Le migliaia di pagine di quaderni di estratti minuziosamente compilati da Marx lungo l’intero trentennio londinese testimoniano severi studi rivolti, oltre naturalmente al costante approfondimento dell’economia politica, tra le molte altre cose, alla storia dell’antropologia, della geologia, della mineralogia; nonché alla storia della diplomazia, della fisica e della trigonometria. A tutti gli effetti, quindi, i filosofi e la filosofia parrebbero negli ultimi decenni della vita di Marx – che faticosamente la quarta sezione di Exzerpte dell’edizione critica delle opere marx-engelsiane promossa dalla «Berlin-Brandeburgische Akademie der Wissenschaften» sta portando alla luce ancora in questi anni – elementi assenti.
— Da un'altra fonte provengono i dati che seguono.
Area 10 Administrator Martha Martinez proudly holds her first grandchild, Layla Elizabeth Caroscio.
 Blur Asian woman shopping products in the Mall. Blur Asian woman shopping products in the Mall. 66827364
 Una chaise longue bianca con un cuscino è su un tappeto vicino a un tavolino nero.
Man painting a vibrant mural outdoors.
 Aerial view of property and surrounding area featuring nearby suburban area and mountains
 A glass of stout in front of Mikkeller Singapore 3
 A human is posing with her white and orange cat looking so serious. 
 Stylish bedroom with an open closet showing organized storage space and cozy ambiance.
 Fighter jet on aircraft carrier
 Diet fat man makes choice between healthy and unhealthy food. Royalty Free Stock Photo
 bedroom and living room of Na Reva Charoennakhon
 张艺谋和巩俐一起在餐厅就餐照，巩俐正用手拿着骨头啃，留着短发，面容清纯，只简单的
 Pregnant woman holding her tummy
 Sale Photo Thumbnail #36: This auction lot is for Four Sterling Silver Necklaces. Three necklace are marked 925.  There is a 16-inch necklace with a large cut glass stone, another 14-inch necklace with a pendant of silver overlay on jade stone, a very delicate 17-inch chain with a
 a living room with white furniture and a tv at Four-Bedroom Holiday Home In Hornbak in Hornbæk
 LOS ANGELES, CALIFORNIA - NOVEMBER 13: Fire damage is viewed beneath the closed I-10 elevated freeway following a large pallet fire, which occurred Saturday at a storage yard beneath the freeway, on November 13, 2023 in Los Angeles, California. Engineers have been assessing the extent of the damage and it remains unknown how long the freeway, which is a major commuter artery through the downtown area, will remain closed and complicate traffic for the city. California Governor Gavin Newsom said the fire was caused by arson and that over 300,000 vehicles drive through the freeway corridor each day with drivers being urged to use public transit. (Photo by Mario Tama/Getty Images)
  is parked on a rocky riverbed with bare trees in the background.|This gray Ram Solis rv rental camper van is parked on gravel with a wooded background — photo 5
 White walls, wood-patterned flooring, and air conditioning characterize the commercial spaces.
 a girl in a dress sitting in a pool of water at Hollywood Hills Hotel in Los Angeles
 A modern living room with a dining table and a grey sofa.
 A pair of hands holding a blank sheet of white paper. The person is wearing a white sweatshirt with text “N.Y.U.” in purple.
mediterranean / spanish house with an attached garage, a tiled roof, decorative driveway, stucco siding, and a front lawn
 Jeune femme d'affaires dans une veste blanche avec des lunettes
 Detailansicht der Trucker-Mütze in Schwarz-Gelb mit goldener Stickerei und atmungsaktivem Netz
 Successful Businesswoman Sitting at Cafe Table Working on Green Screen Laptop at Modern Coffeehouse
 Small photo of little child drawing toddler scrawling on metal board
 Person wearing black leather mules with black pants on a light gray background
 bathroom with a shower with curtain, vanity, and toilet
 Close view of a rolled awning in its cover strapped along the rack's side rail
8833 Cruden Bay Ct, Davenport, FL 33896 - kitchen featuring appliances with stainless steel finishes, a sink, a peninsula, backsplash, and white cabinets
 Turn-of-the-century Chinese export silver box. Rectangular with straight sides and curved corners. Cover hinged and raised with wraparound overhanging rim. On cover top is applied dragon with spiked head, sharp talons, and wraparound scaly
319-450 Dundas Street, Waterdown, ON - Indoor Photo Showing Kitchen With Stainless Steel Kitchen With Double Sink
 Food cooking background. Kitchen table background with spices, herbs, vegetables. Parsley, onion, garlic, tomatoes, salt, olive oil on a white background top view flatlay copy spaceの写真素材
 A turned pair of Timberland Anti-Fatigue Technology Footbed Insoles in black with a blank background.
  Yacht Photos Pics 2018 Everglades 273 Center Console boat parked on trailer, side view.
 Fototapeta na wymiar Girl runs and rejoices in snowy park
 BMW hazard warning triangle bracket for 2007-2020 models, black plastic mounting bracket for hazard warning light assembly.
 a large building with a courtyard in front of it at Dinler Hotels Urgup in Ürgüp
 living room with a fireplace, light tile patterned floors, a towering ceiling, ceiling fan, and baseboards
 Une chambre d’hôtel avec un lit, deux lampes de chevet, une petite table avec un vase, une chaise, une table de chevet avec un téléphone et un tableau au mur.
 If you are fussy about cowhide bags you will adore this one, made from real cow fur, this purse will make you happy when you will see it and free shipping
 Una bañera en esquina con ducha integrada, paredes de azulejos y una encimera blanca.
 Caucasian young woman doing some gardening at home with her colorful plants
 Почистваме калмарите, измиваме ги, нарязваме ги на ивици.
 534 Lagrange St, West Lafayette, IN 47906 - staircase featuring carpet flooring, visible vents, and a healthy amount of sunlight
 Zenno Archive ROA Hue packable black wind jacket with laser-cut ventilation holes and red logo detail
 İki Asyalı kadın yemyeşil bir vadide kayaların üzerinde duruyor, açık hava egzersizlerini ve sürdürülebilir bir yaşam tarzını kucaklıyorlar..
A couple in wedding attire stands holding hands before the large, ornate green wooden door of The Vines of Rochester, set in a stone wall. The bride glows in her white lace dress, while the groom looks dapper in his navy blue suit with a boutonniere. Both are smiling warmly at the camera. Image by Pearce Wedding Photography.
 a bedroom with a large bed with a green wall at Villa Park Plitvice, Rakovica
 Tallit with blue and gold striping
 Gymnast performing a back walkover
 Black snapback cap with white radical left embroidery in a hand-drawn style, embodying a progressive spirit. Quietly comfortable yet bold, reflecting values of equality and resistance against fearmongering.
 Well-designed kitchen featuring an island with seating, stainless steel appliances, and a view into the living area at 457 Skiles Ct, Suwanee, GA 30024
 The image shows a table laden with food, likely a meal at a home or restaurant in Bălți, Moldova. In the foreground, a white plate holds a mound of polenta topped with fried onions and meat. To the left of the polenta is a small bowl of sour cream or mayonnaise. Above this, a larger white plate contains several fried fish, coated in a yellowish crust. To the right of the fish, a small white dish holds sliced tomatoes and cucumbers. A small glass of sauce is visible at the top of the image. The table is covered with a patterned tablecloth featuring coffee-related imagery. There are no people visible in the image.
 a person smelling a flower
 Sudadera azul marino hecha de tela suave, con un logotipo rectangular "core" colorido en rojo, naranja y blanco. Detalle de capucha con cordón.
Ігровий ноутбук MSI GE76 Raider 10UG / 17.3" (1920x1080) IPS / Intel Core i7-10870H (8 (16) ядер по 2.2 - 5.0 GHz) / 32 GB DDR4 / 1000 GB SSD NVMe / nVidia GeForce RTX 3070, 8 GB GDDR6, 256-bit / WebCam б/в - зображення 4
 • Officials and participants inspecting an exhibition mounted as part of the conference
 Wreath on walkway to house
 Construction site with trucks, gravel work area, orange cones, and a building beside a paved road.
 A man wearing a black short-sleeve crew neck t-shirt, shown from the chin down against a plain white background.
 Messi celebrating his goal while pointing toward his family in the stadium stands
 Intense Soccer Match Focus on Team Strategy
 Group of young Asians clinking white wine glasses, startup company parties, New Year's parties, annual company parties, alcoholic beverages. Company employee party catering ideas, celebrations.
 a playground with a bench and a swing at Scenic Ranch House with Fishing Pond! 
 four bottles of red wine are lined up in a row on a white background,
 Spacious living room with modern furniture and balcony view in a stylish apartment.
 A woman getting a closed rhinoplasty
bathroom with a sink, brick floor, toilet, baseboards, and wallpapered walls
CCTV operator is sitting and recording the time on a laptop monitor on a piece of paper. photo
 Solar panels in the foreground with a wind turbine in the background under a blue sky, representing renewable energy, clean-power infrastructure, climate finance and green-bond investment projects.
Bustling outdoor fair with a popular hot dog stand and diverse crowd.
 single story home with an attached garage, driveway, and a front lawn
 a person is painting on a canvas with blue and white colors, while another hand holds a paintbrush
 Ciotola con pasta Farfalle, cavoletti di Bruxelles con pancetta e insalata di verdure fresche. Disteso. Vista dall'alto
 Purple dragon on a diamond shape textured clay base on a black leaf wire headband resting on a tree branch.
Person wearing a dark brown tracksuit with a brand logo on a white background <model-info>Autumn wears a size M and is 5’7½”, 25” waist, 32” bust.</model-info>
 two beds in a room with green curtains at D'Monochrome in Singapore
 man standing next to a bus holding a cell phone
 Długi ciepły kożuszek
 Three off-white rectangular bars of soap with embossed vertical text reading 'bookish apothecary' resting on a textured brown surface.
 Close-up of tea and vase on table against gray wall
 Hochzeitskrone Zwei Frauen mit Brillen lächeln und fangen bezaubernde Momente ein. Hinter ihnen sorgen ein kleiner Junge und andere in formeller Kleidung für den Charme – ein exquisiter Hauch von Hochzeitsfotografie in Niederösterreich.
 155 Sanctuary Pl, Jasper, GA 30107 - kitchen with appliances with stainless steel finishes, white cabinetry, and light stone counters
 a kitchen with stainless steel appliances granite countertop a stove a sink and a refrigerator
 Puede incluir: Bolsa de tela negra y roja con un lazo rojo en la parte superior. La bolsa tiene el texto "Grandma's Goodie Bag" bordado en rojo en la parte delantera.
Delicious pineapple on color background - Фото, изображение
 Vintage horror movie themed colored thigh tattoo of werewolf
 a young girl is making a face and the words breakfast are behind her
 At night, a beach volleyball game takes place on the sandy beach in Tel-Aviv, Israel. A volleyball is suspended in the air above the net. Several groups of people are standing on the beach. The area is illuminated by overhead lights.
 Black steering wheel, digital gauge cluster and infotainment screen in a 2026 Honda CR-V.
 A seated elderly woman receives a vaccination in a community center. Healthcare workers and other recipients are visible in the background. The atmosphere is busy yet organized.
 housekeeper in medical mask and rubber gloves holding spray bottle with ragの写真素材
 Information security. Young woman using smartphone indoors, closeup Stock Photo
Seguendo la rappresentazione che Marx stesso retrospettivamente offre della propria evoluzione intellettuale, la rottura con la filosofia intesa come disciplina dotata di autonomo statuto veritativo si consuma nell’opera redatta con Engels tra il 1845 e il 1846 Die deutsche Ideologie. Pagine che, tuttavia, il ventottenne Marx e il ventiseienne amico e compagno di una vita Engels non pubblicheranno mai e deliberatamente esporranno alla «critica» sì, ma «roditrice dei topi»3. Nota è la tesi centrale della prima parte Ad Feuerbach dell’ampio manoscritto marx-engelsiano: morale, teologia e metafisica «non hanno storia», non hanno cioè alcuna consistenza veritativa autonoma4. Le radici degli assunti veritativi fatti propri da tali discipline sono dislocate altrove, ossia sul piano della «produzione materiale» che ne è fondamento e principio.

La produzione è quindi il «vero presupposto» che Marx ed Engels individuano al fine di congedarsi dalla filosofia e approdare così alla «scienza positiva»: «Cessano le frasi della coscienza e al loro posto deve subentrare il vero sapere»5. È indicativo che, a tredici anni dalla redazione, il fondamentale merito ascritto da Marx al ponderoso manoscritto giovanile risieda sostanzialmente nell’aver permesso a lui e a Engels di fare i conti con la loro «precedente coscienza filosofica»6. Coscienza che, fino al 1845-1846, ambisce sì a porsi criticamente, ma rimane comunque interna a un perimetro di dibattito tipicamente junghegelianisch. Problema fondamentale per i «Giovani Hegeliani» – questione che per molti versi continuerà ad echeggiare sino alla fine nella testa di Marx – è in che modo rapportarsi all’eredità filosofica di Hegel.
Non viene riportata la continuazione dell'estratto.